Stéphane Moulin Serge Le Dizet Angers 2014

Past connection

Moulin already had a connection with Angers. He played for the club in the second tier for six years between 1984 and 1990. He moved into coaching aged just 30 and was at Châtellerault in the amateur leagues for eight seasons before returning to Angers in 2005 to take charge of their reserve team.

In his first season in charge of the first team, Angers finished in the bottom half, but Moulin was given time, such a rare commodity for a coach these days. Eventually, at his fourth attempt, Moulin led Angers to promotion in 2014-15, taking them back to the promised land of the top division for the first time since a solitary season in 1993-94 that ended in relegation. Supporters flooded the pitch in celebration on the night promotion was secured in May 2015.

Consolidation and Cup final

Moulin did not just take Angers to Ligue 1, he kept them there. They finished ninth in their first top-flight season, in 2015-16, their highest league placing since 1974. In the four campaigns since they have always come between 11th and 14th, more than respectable performances for a club with the budget of Angers - even this season, after several years of consolidation in Ligue 1, their total operating budget is believed to be around €45 million, one of the very lowest in the division.

Meanwhile Moulin led the club to to the final of the Coupe de France in 2017, their first final in 60 years. With 20,000 Angers supporters at the Stade de France, they were close to causing a huge upset against Paris Saint-Germain, Nicolas Pépé hitting the post in the first half before a stoppage-time own goal by Issa Cissokho gave PSG a 1-0 win.

Angers PSG 2017 Maxwell Nicolas Pépé

The players: Pépé, Toko-Ekambi and more

Moulin can take credit for helping develop a host of talented players during his decade at the helm. Pépé broke through in that 2016-17 season before being sold to LOSC Lille for a reported €10 million. Two years later the Ivory Coast international joined Arsenal for a fee believed to be eight times higher.

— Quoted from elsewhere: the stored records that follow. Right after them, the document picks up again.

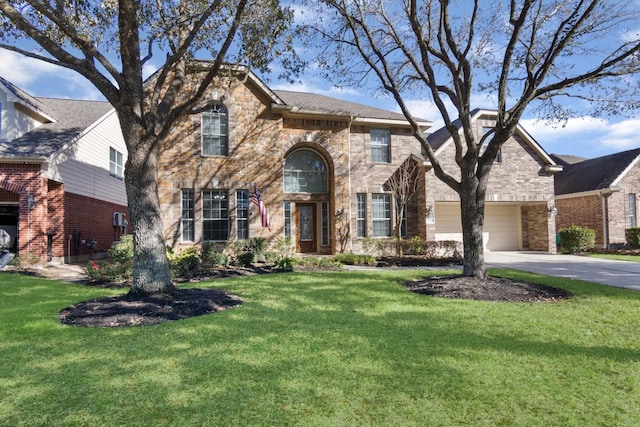 view of front of house featuring a garage and a front lawn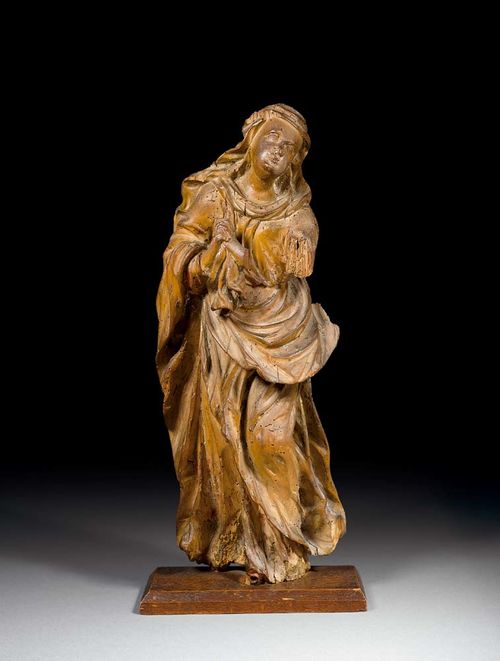 MARY AT PRAYER (from a Crucifixion group),Baroque, from the area around Lake Constance, ca. 1700. Lime, carved, verso flattened and with traces of paint. Mary standing and praying. H 54 cm. Part of the left arm missing.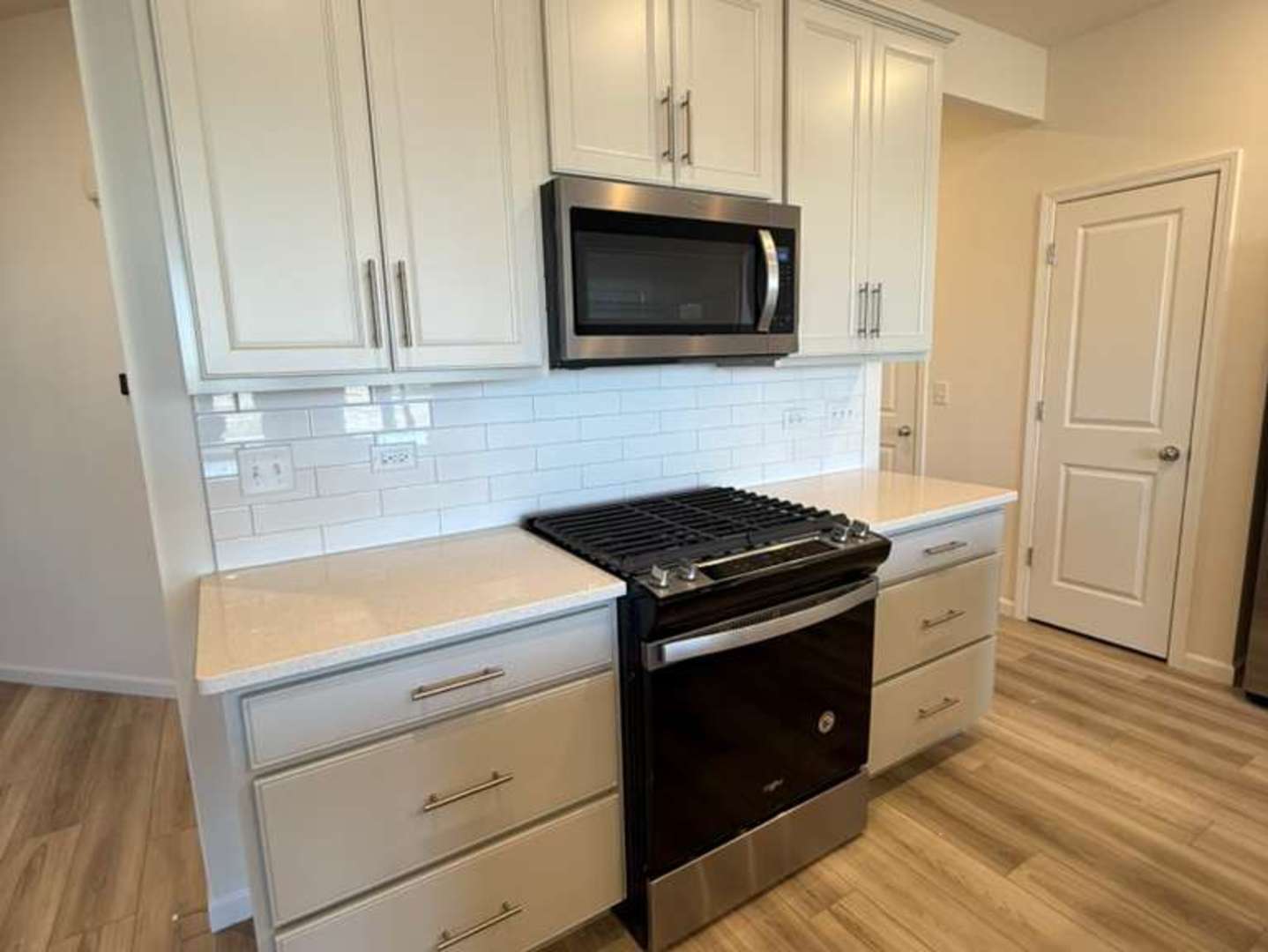 672 Switchgrass Way, Unit 58005 Bolingbrook, IL 60490 - Photo 2 of 19 a kitchen with a stove microwave and sink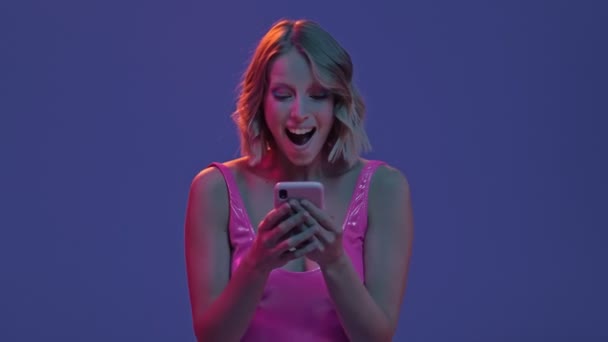 Happy Emotional Blonde Young Woman Doing Winner Gesture While Getting — Stock Video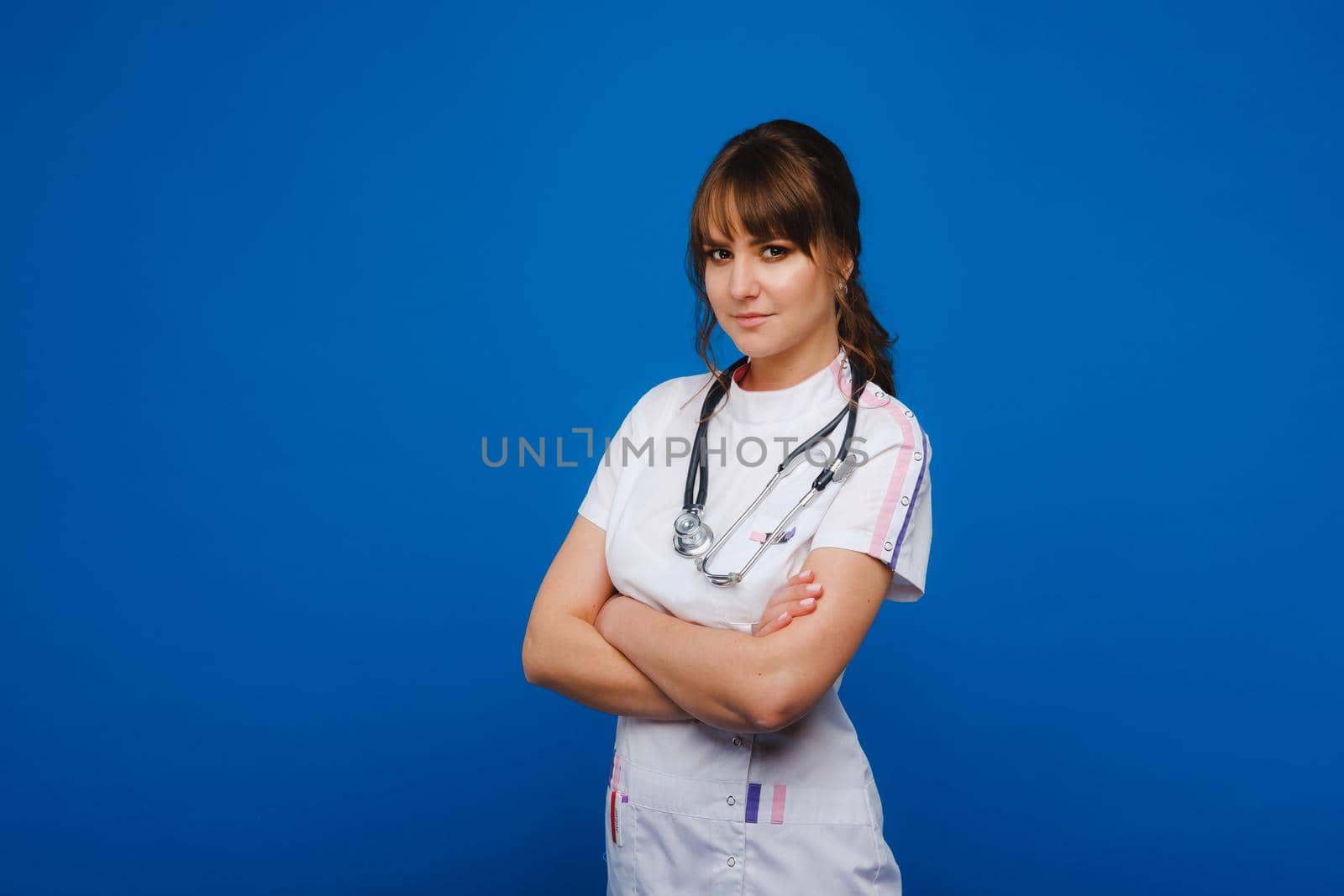 A female doctor, gesticulating, checks the heartbeat in the doctor's office at the hospital with a stethoscope isolated on a blue background by Lobachad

That Cup final team also featured Karl Toko-Ekambi, the Cameroon international bought from FC Sochaux-Montbéliard for a reported €1 million and sold to Villarreal for €18 million. Midfielder Baptiste Santamaria was sold last summer to SC Freiburg for a fee understood to be as high as €15 million. Jeff Reine-Adélaïde was sold in 2019 to Olympique Lyonnais for €25 million. Others to have played under Moulin at Angers and moved on include Ivorian striker Jonathan Kodjia, Moroccan defender Romain Saïss, Senegal midfielder Cheikh Ndoye, Rayan Aït-Nouri and Flavien Tait.

Great strides

Moulin has achieved success on the field - despite occasional turbulence at boardroom level - and has allowed the club to take great strides off it. The most visible sign of that is perhaps the Stade Raymond-Kopa itself. Reconstruction work is ongoing on a new stand which, when completed, will raise capacity above 19,000. The work has come at a cost to Angers, believed to be at least €30 million. That has perhaps prevented the club from investing more in the playing squad, but despite that Moulin has maintained a competitive team. Now there are two questions: where will he go next, and how can Angers replace him?

“What is important is that a page is turning and that we are getting to the end of the book, but the page is not torn or ripped out. I don’t think that will be the case. I think this page will take up an important place in the book,” Moulin said, before adding that he did not yet have any plans for the future.